On Mon, Jul 16, 2007 at 12:41:15PM +1000, David Chinner wrote:
> On Fri, Jul 13, 2007 at 03:36:46PM -0400, Justin Piszcz wrote:
> > On Fri, 13 Jul 2007, Jon Collette wrote:
> >
> > >Wouldn't Raid 6 be slower than Raid 5 because of the extra fault tolerance?

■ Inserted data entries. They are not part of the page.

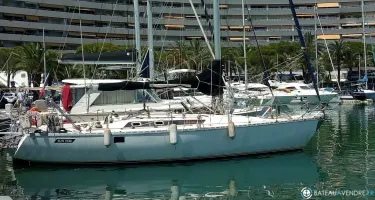 Jeanneau Sun Fizz 40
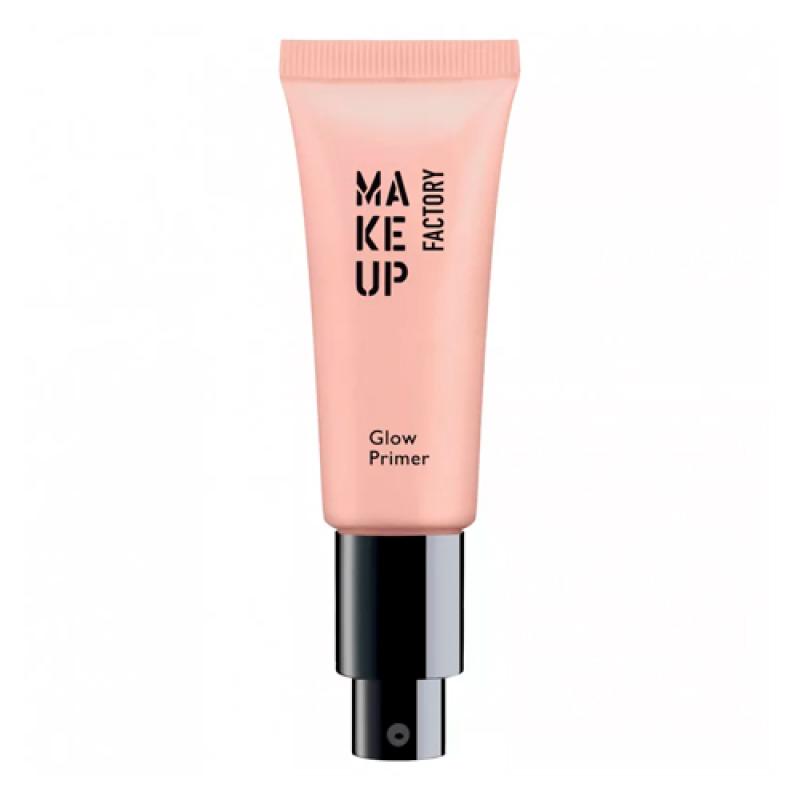 Make up Factory Сияющая основа под макияж Glow Primer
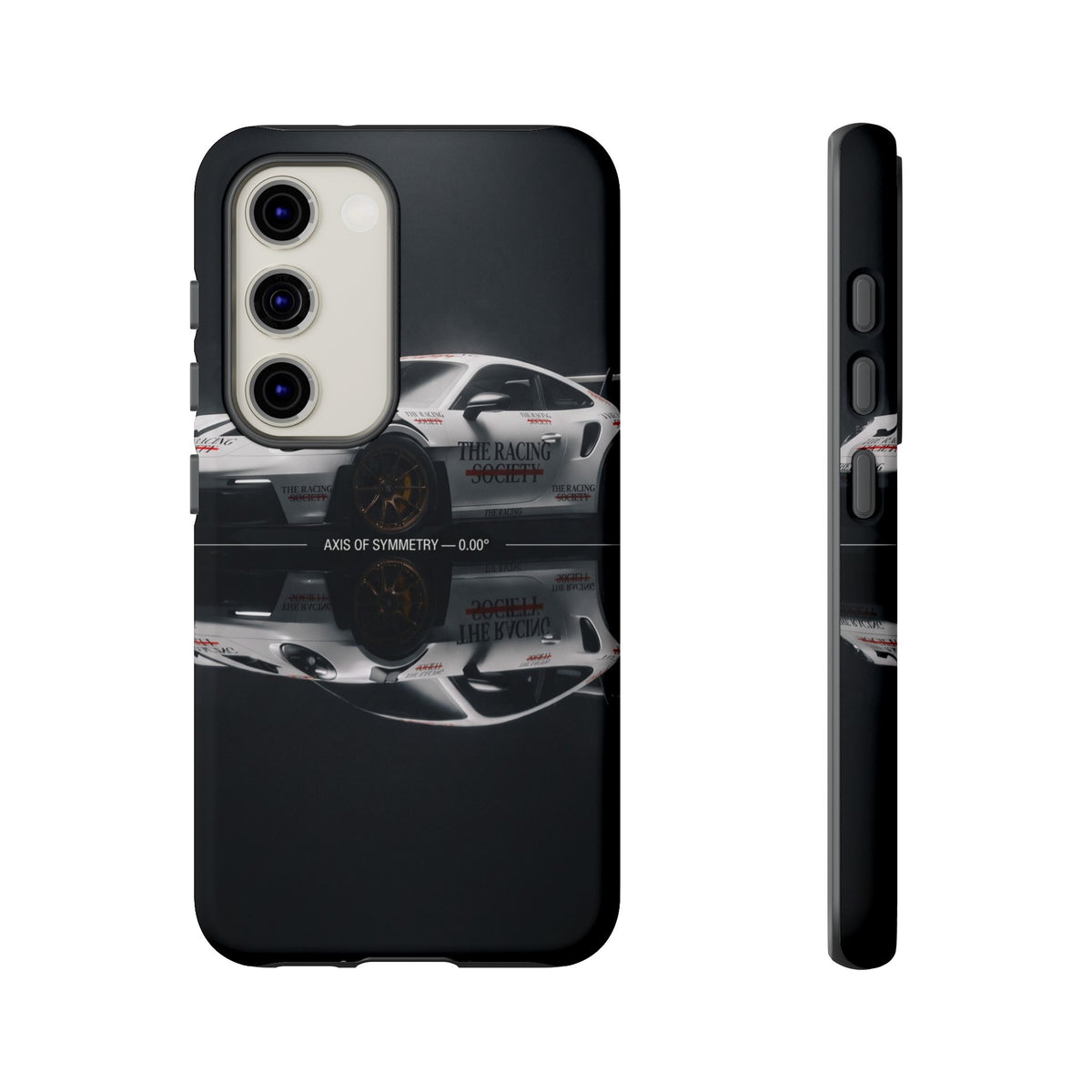Mirror Floor — Samsung Galaxy Tough Case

> > > http://www.enterprisenetworksandservers.com/monthly/art.php?1754 - 20%
> > >drop according to this article
> > >
> > >His 500GB WD drives are 7200RPM compared to the Raptors 10K. So his
> > >numbers will be slower.
> > >Justin what file system do you have running on the Raptors? I think thats
> > >an interesting point made by Joshua.
> >
> > I use XFS:
>
> When it comes to bandwidth, there is good reason for that.
>
> > >>>Trying to stick with a supported config as much as possible, I need to
> > >>>run ext3. As per usual, though, initial ext3 numbers are less than
> > >>>impressive. Using bonnie++ to get a baseline, I get (after doing
> > >>>'blockdev --setra 65536' on the device):
> > >>>Write: 136MB/s
> > >>>Read: 384MB/s
> > >>>
> > >>>Proving it's not the hardware, with XFS the numbers look like:
> > >>>Write: 333MB/s
> > >>>Read: 465MB/s
> > >>>
>
> Those are pretty typical numbers. In my experience, ext3 is limited to about
> 250MB/s buffered write speed. It's not disk limited, it's design limited. e.g.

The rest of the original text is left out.